Жалким он был поклонником, этот лейтенант Френсис М. Никогда не решался он переступить границу дозволенного. Влюблялся изо всех своих ничтожных сил, но, пожалуй, даже не осмеливался и подумать об осуществлении своих страстных порывов. Его презирали все ему подобные, в которых никогда не бывает недостатка в армии, тюрьмах, госпиталях, в мужских сборищах и стадах, отрезанных от женщин принуждением или несчастьем. Он избегал их, отдаваясь тихой, чистой и безудержной страсти — прямо-таки монашенка, завороженная солдатскими бицепсами святого Себастьяна.
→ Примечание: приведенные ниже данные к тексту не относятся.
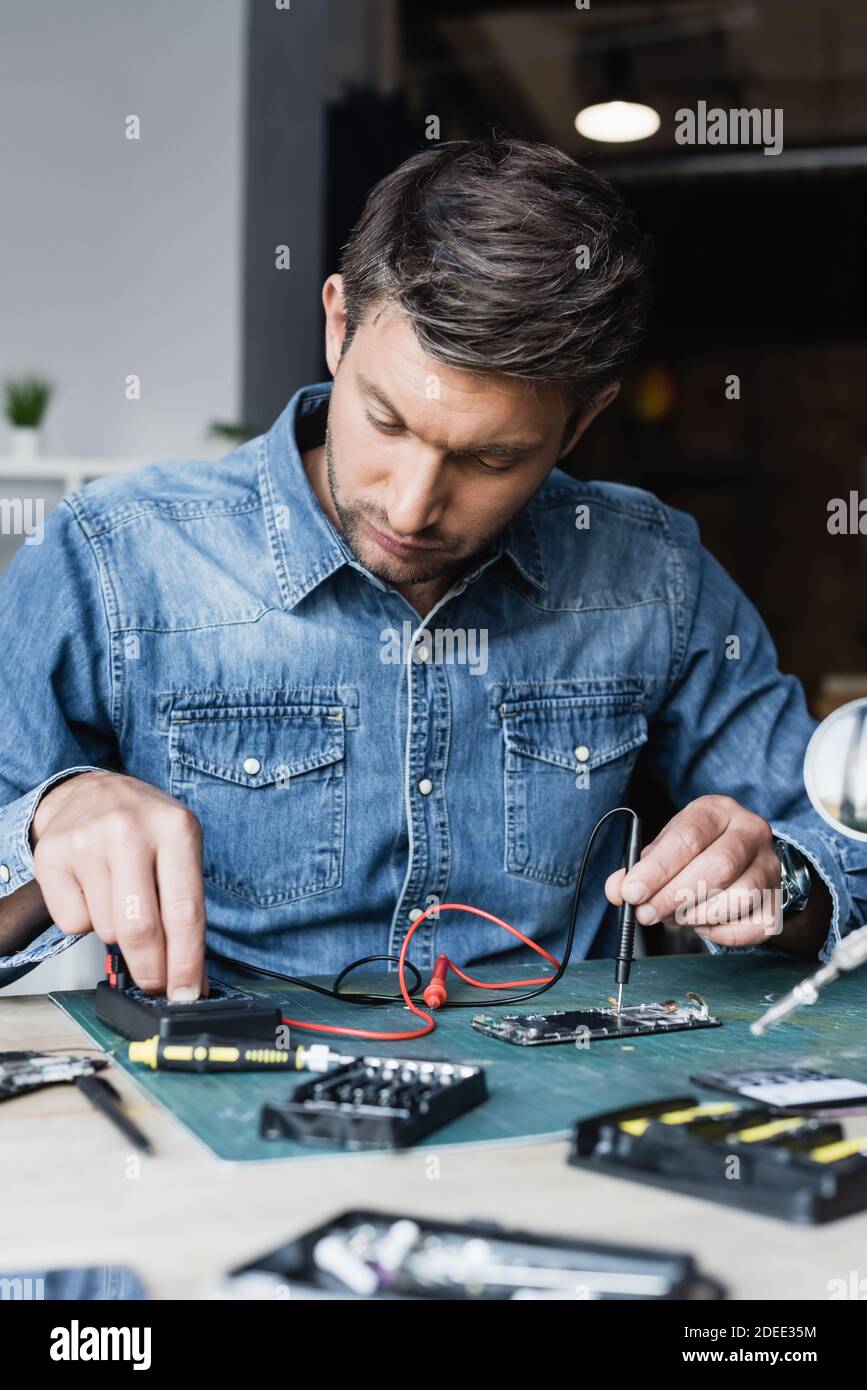 Regulating technology hi-res stock photography and images - Alamy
Через две недели нашей чистой дружбы — а началась она на четвертый или пятый день после эвакуации из Хайфы — бедняга шел на любые жертвы во имя своей надежды и привязанности. Он изворачивался и лгал ради того, чтобы иметь возможность возить меня на служебном джипе. Для его Polish friend’а[4] не было в Иерусалиме слишком дорогих кабаков. Бледный от отчаяния и омерзения, он шел в бордель и платил вдвое, лишь бы девки оставили его в покое. Он убедил врачей, что здоровье героя-поляка не позволяет откомандировать его обратно в резервную команду, и добился нескольких очередных отсрочек — это должно было стоить ему не только унижения, но и фунтов.

Я уже тогда подозревал, а сегодня знаю: меня по-настоящему любили несколько женщин, я мог бы быть живым богом в одной деревеньке на Новой Гвинее, а прокаженные в окрестностях Найроби, которых я защищал от похитителя душ, целовали тень от моих рук. У меня была настоящая мать. У меня были настоящие друзья. Но, пожалуй, никто из них не верил в меня так беззаветно, как лейтенант Ф. М. из Ипсвича.